YOUR ASSIGNMENT: Every entry that follows should be output again, word for word.

RECORDS PROVIDED:

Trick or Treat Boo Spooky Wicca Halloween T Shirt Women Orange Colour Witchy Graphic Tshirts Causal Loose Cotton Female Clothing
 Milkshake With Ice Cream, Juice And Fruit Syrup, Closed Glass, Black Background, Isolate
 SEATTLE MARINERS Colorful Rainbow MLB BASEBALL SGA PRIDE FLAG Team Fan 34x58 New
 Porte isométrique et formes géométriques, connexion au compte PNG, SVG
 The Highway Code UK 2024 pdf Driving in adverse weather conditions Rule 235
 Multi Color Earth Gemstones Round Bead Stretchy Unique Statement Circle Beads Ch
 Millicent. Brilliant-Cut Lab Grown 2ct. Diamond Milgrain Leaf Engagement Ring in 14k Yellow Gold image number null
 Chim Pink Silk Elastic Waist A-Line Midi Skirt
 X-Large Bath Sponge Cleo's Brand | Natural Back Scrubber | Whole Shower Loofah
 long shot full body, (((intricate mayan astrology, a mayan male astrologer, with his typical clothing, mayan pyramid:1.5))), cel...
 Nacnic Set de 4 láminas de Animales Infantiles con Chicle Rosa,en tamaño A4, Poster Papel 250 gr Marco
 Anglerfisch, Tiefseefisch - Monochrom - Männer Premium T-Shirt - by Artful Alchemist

RESULT OF THE TASK:
Trick or Treat Boo Spooky Wicca Halloween T Shirt Women Orange Colour Witchy Graphic Tshirts Causal Loose Cotton Female Clothing
 Milkshake With Ice Cream, Juice And Fruit Syrup, Closed Glass, Black Background, Isolate
 SEATTLE MARINERS Colorful Rainbow MLB BASEBALL SGA PRIDE FLAG Team Fan 34x58 New
 Porte isométrique et formes géométriques, connexion au compte PNG, SVG
 The Highway Code UK 2024 pdf Driving in adverse weather conditions Rule 235
 Multi Color Earth Gemstones Round Bead Stretchy Unique Statement Circle Beads Ch
 Millicent. Brilliant-Cut Lab Grown 2ct. Diamond Milgrain Leaf Engagement Ring in 14k Yellow Gold image number null
 Chim Pink Silk Elastic Waist A-Line Midi Skirt
 X-Large Bath Sponge Cleo's Brand | Natural Back Scrubber | Whole Shower Loofah
 long shot full body, (((intricate mayan astrology, a mayan male astrologer, with his typical clothing, mayan pyramid:1.5))), cel...
 Nacnic Set de 4 láminas de Animales Infantiles con Chicle Rosa,en tamaño A4, Poster Papel 250 gr Marco
 Anglerfisch, Tiefseefisch - Monochrom - Männer Premium T-Shirt - by Artful Alchemist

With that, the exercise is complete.